Aus dem soeben Gesagten ergibt sich aber auch die Unhaltbarkeit der Rechtsrüge, Unterhaltsleistungen für seine uneheliche Tochter wären dem Beschwerdeführer nicht zumutbar gewesen, weil deren Erbringung seinen eigenen notwendigen Unterhalt bzw. den notdürftigen Unterhalt der mit ihm im Familienverband lebenden Unterhaltsberechtigten verkürzt hätte.

Mithin war die Nichtigkeitsbeschwerde insgesamt zu verwerfen. Das Landesgericht verhängte über den Angeklagten nach § 159 Abs. 1 StGB. unter Anwendung des § 28 StGB. eine gemäß § 43 Abs. 1 StGB. unter Bestimmung einer Probezeit von 3 Jahren bedingt nachgesehene Freiheitsstrafe in der Dauer von 5 Monaten. Es wertete bei der Strafbemessung die auf gleicher schädlicher Neigung beruhenden Vorstrafen und das Zusammentreffen von zwei Delikten als erschwerend, hingegen als mildernd die zumindest teilweise gezeigte Schuldeinsicht und die teilweise objektive Schadensgutmachung.

Mit ihren Berufungen streben der öffentliche Ankläger die Erhöhung der Freiheitsstrafe und die Ausschaltung der bedingten Strafnachsicht, der Angeklagte hingegen die Herabsetzung der Freiheitsstrafe, in eventu die Verhängung einer - bedingt nachgesehenen - Geldstrafe anstelle der Freiheitsstrafe an. Beiden Berufungen ist ein Erfolg nicht beschieden.

Aus der vom Angeklagten ins Treffen geführten Arbeitslosigkeit (zu dieser s.S. 33 bis 35) vermag ein zusätzlicher Milderungsumstand in keiner Richtung hin abgeleitet werden, denn der Angeklagte betrieb - wie schon bei Erledigung der Nichtigkeitsbeschwerde dargelegt - ungeachtet seiner Arbeitslosigkeit den relativ kostspieligen Schießsport. Von einem längeren Zurückliegen der bzw. aller vom Schuldspruch erfaßten Taten und einem zwischenzeitigen Wohlverhalten kann mit Rücksicht auf den bei der Unterhaltsverletzung bis Juni 1984 reichenden Tatzeitraum nicht gesprochen werden. Im gegebenen Zusammenhang ist auch auf die im Jahr 1982 erlittene Verurteilung zu U 189/82 des Bezirksgerichts Mondsee wegen einer in den Jahren 1981 und 1982 begangenen Tat (Verstrickungsbruch) zu verweisen.

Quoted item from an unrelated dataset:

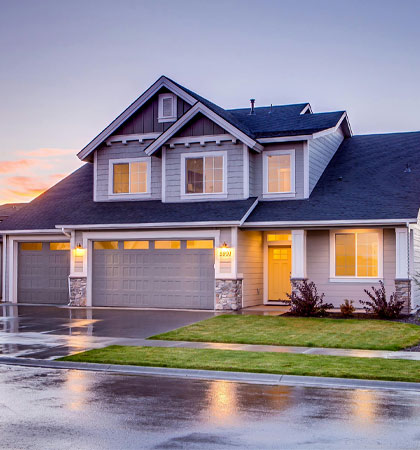 Residential home with shingle roof - M Thomas Roofing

Der Staatsanwaltschaft ist zu erwidern, daß nach dem Inhalt der Verantwortung des Angeklagten eine teilweise Schuldeinsicht als Milderungsgrund durchaus gegeben ist. Auch bei Würdigung der zweifachen Qualifikation des § 159 StGB. und des Zeitraums der Unterhaltsverletzung erweist sich aber - insbesondere unter Berücksichtigung der Höhe des kridamäßigen Schadens und der mit zwei Jahren bestimmten Obergrenze des hier zur Strafbemessung heranzuziehenden § 159 Abs. 1 StGB. - die Strafhöhe als angemessen. Diese ist in keiner Richtung hin veränderungsbedürftig. Die Gewährung der bedingten Strafnachsicht ist mit Rücksicht auf das längere Zurückliegen der strafbestimmenden Kridatat und die teilweise Schadensgutmachung vertretbar. Die vom Schöffengericht ausgemessene (bedingt nachgesehene) Freiheitsstrafe entspricht insbesondere auch den Erfordernissen der Spezial- und Generalprävention.

Der Anwendung des § 37 StGB. stehen - schon mit Rücksicht auf die auf gleicher schädlicher Neigung beruhenden

Vorstrafen - spezialpräventive Bedenken entgegen. Mit der Verhängung einer - vom Angeklagten ausdrücklich angestrebten - bedingt nachgesehenen Geldstrafe wäre aber unter Berücksichtigung des Vorlebens des Berufungswerbers und der von ihm zu verantwortenden Delikte nicht die erforderliche Effizienz gegeben. Eine solche Strafe würde auch den vom Gesetz geforderten generalpräventiven Erfordernissen nicht entsprechen.